NEWTOWN, Conn. – Newtown returned its students to their classrooms Tuesday for the first time since last week’s massacre and faced the agonizing task of laying others to rest, as this grieving town wrestled with the same issues gripping the country: violence, gun control and finding a way forward.

Funerals were held for two more of the tiny fallen, a 6-year-old boy and a 6-year-old girl.

The resumption of classes at all Newtown’s schools except Sandy Hook brought a return of familiar routines, something students seemed to welcome as they arrived aboard buses festooned with large green-and-white ribbons – the colors of the stricken elementary school.
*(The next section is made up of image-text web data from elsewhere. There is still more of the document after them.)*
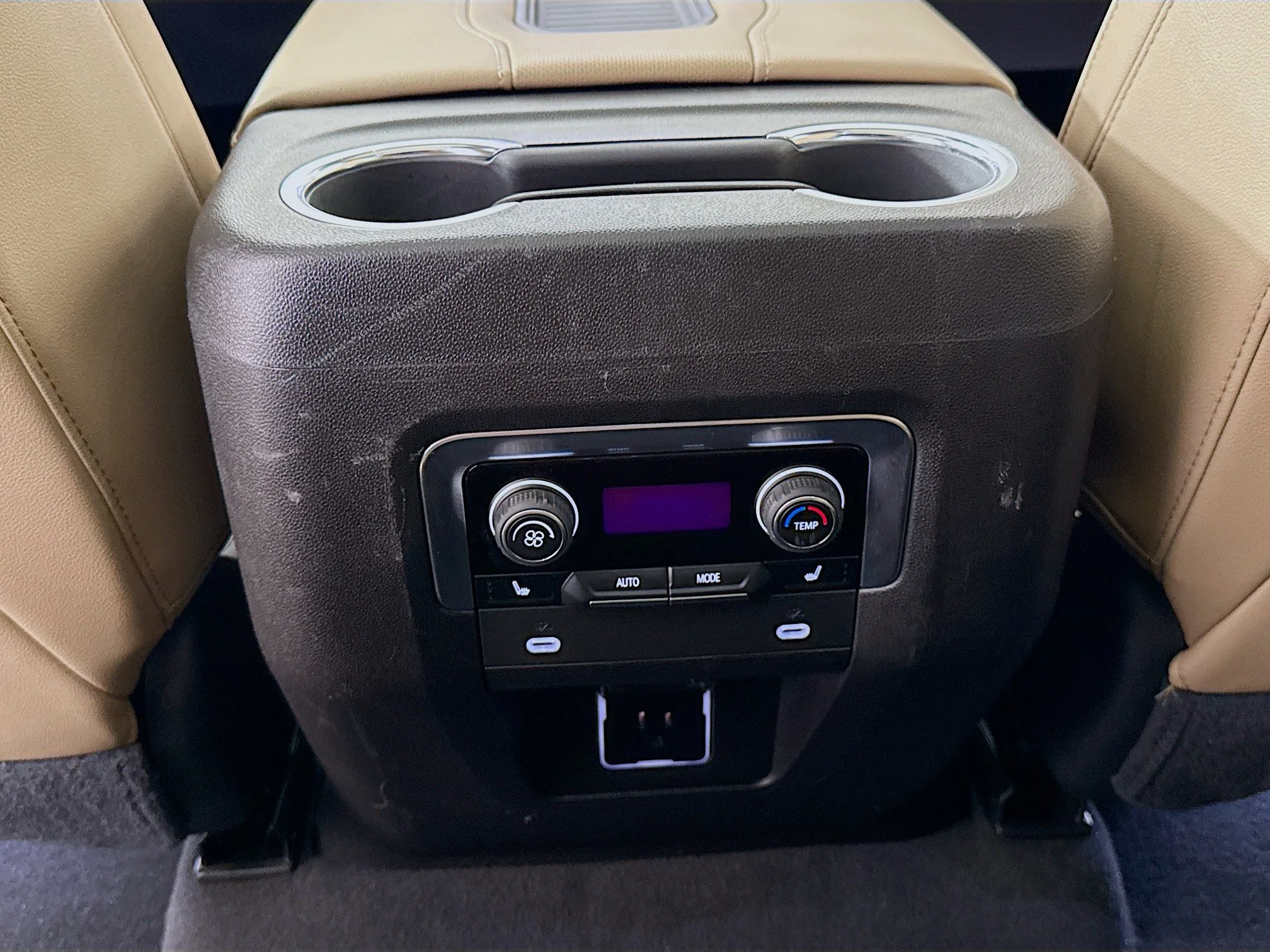 Used 2021 Empire Beige Metallic Chevrolet Premier image 29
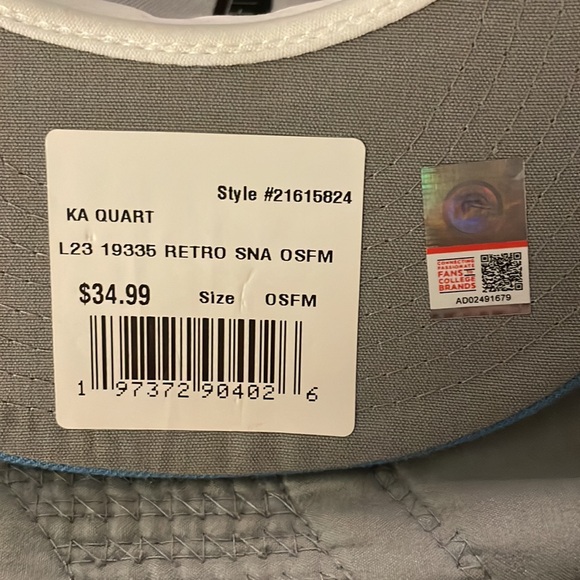 UNC Tar Heels New Era Snapback Trucker Hat - Picture 6 of 6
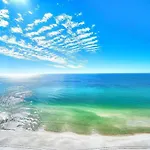Stunning Beachfront Condo, Walk To Pier Park,Pools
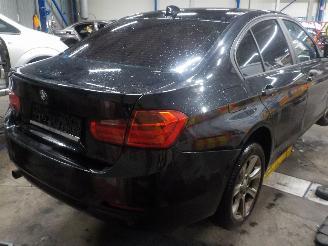 BMW 3-serie 3 serie (F30) Sedan 316d 2.0 16V (N47-D20C) [85kW]  (03-2012/10-2018) picture 3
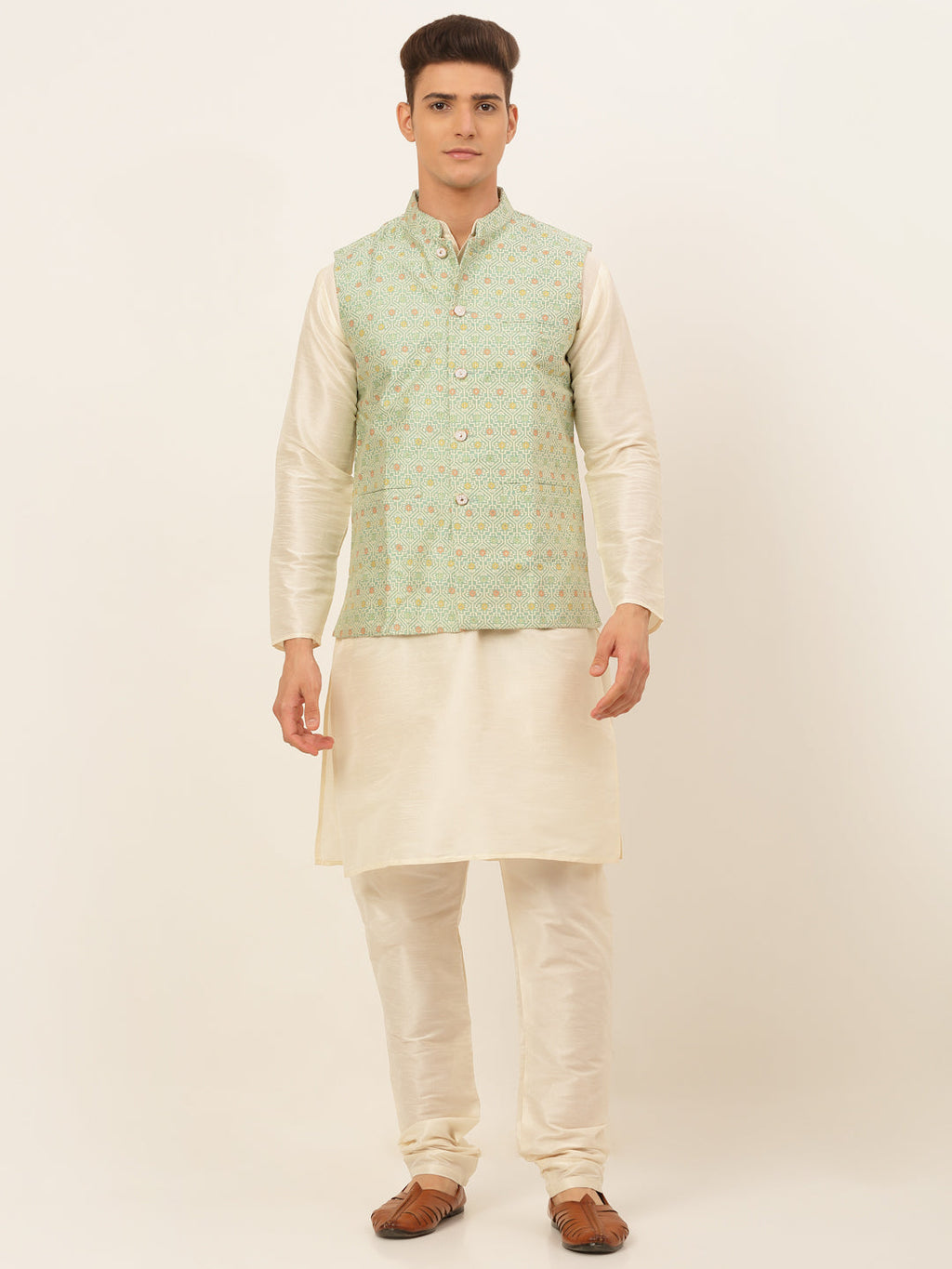 Jompers Men's Solid Kurta Pyjama With Nehru Jacket - Green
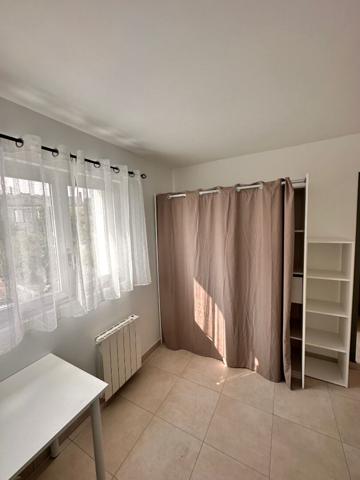 Appartement meublé en colocation La Roche Sur Yon 4 pièce(s) 77.09 m2 (Tarif par chambre)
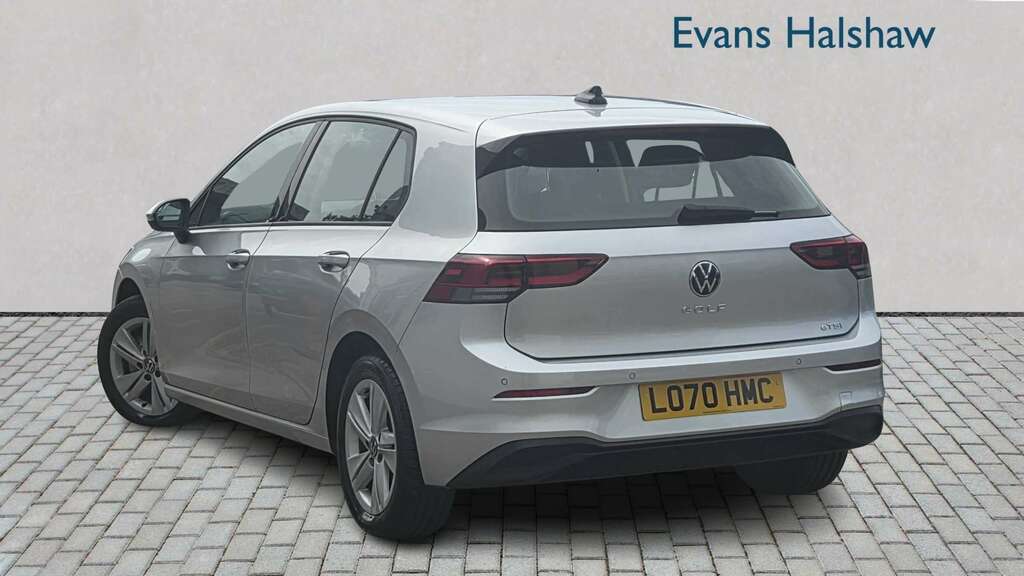 Volkswagen Golf 1.5 Etsi 150 Life Dsg 2021 Silver #3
“We’re going to be able to comfort each other and try and help each other get through this, because that’s the only way we’re going to do it,” said 17-year-old P.J. Hickey, a senior at Newtown High School. “Nobody can do this alone.” Still, he noted: “There’s going to be no joy in school. It really doesn’t feel like Christmas anymore.”

The students who survived the Sandy Hook shooting will return to class after the winter break in neighboring Monroe at a school that was closed last year.

At St. Rose of Lima Catholic Church in Newtown, back-to-back funerals were held for first-graders James Mattioli and Jessica Rekos, the third and fourth so far and the first of eight to be held in the coming days at the church.